◆ WHAT IS REQUIRED
Look in the data below for the line that has "Taç. Web simgesi basit illüstrasyon tasarımı", then print exactly every line from there through the line that has "Glitter Inflatable Beach", leaving pictures out.

Scraped caption text data

········

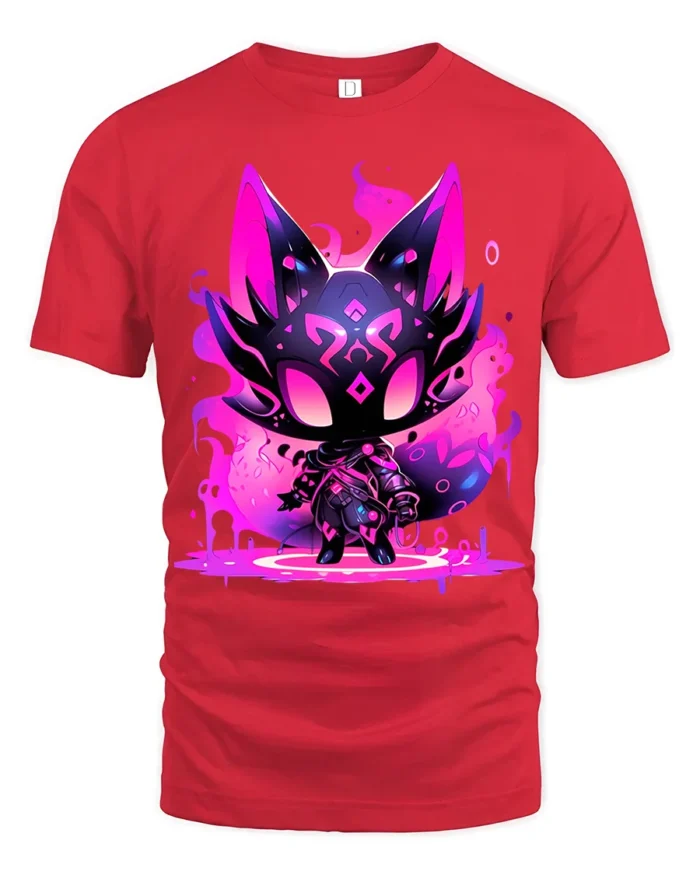 Neon Cat Creature Glowing Fantasy Animal T-Shirt - red t-shirt on white background
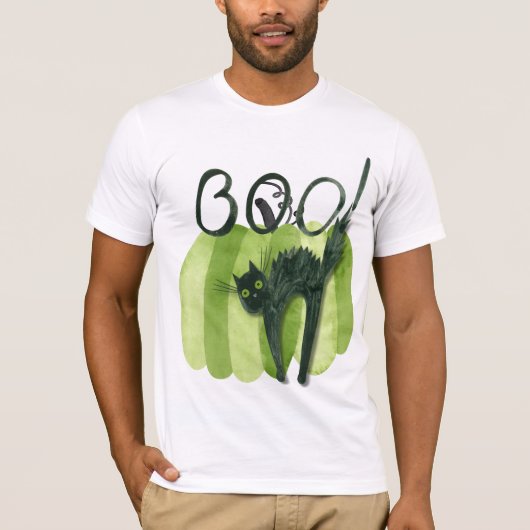 T-shirt Le chat ! se cachant devant un citrouille vert. (Devant)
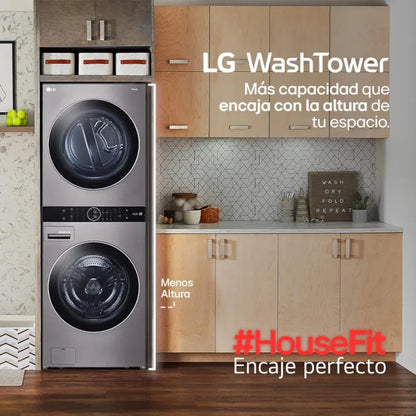 TORRE DE LAVADO Y SECADO LG WASH TOWER 25 KILOS LAVADORA Y 22 KILOS SECADORA WK25VS6 GRIS - TECNOLOGÍA DE INTELIGENCIA ARTIFICIAL, AHORRO DE ENERGÍA Y RENDIMIENTO SUPERIOR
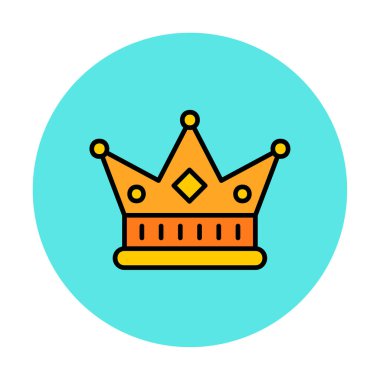 Taç. Web simgesi basit illüstrasyon tasarımı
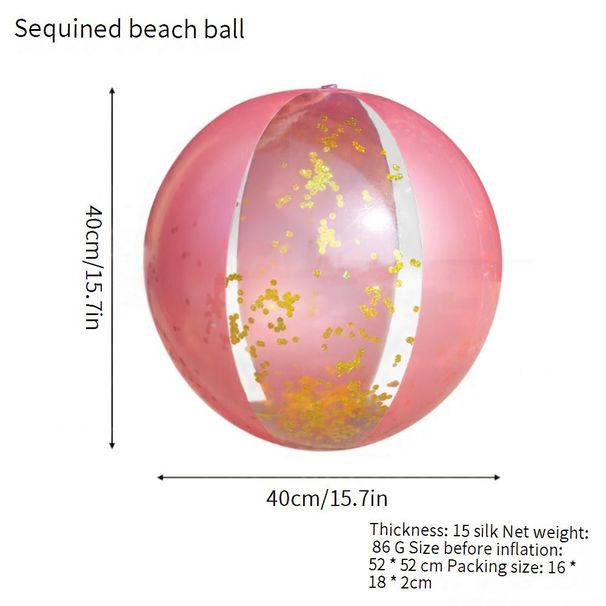 Glitter Inflatable Beach Ball Transparent PVC Shiny Play Ball With Colorful Confetti For Pool Beach Party Games_desvips.com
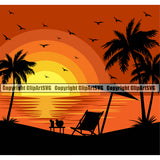 Surfing Nature Beach Paradise Color Design Element Summer Surf Ocean Tropical Wave Vector Vacation Travel Sea Surfer Hawaii Nature Sun Sunset Surfboard Palm Paradise Island Clipart SVG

········

◆ FINISHED TASK
 Taç. Web simgesi basit illüstrasyon tasarımı
 Glitter Inflatable Beach Ball Transparent PVC Shiny Play Ball With Colorful Confetti For Pool Beach Party Games_desvips.com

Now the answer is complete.